In his speech, Minister Dulig also took stock of what has been achieved so far with regard to the reappraisal and provision of quantitatively and qualitatively unique geological information about deposits as part of the ROHSA (Raw materials in Saxony) 3 project: “We have already made considerable progress. Since 2013, non-digital, largely unpublished documents from the archives have been continuously reviewed, scanned and recorded in a database. The first subproject in the Central Ore Mountains is almost complete. However, that is just 4 % of the surface of the Free State. It is therefore essential that we continue in this vein over the coming years.” Over the course of the project so far, around 2.6 million archive pages have been scanned, 200 ore boreholes have been digitised and approximately 70,000 geophysical and 240,000 geochemical data records have been stored in a database.
However, there is much more to the Saxon raw materials strategy than just ROHSA. In particular, the strategy aims to consolidate Saxon expertise in all areas of mining engineering. Saxon experts from businesses, consultancies, universities, institutes and administrations are in demand around the world. This level of international cooperation shows that Saxony is valued as a competent partner and Saxon expertise is highly sought after internationally.

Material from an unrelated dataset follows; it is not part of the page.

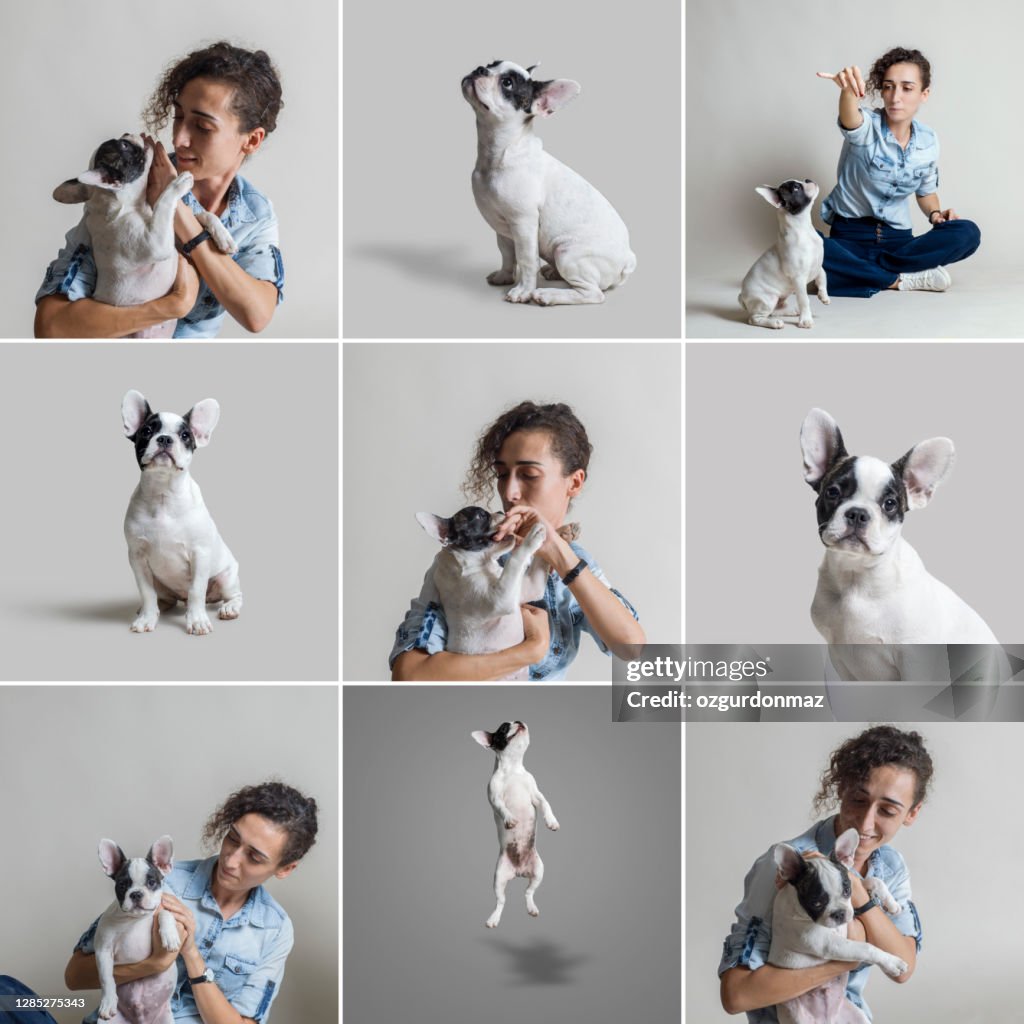 Young woman portraits playing with her French Bulldog puppy over gray background. Hugging, pet friendship, isolated gray background, studio shot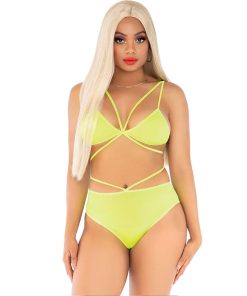 LEG AVENUE - TOP  PANTIES YELLOW WITH STRAPS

Saxony is currently involved with a project on implementing a pilot programme set up by the Federal Ministry for Economic Cooperation and Development (BMZ) which aims to better exploit the expertise and experience of the federal states for the benefit of development policy. The project is increasing the effectiveness of German development cooperation, as well as developing the federal states’ international economic relations further. The collaborative project, which is jointly funded by Saxony and the BMZ, supports the Free State’s cooperation in the mining industry with its partner country, Mozambique. The main content of the project is an advanced training programme for mining safety of managers and coordinators run by the Ministry of Mining and Energy (MIREME) and the Mining Inspectorate General (IGREME) in Mozambique (Figure 1).
“Owing to the success we have already experienced, we shall be continuing the project over the coming years,” said Minister Dulig. “Offering general and advanced training for specialists in disciplines in the raw materials industry in particular is a traditional strength of the Saxon education system, especially in Freiberg. We therefore have to safeguard this system to train future specialists and guarantee a supply of specialists at all levels.”
Dulig’s speech also referred to the raw materials industry’s considerable contribution to creating added value in Germany. He added that this contribution is not possible without the acceptance of the raw materials industry in all spheres of society. “Which is why we all must advocate greater awareness of raw materials in all sections of society. The raw materials industry creates jobs and thereby social stability. The high technological standards in Germany guarantee that the raw materials industry in our country can be environmentally sound in its structure.” (SMWA/Si.)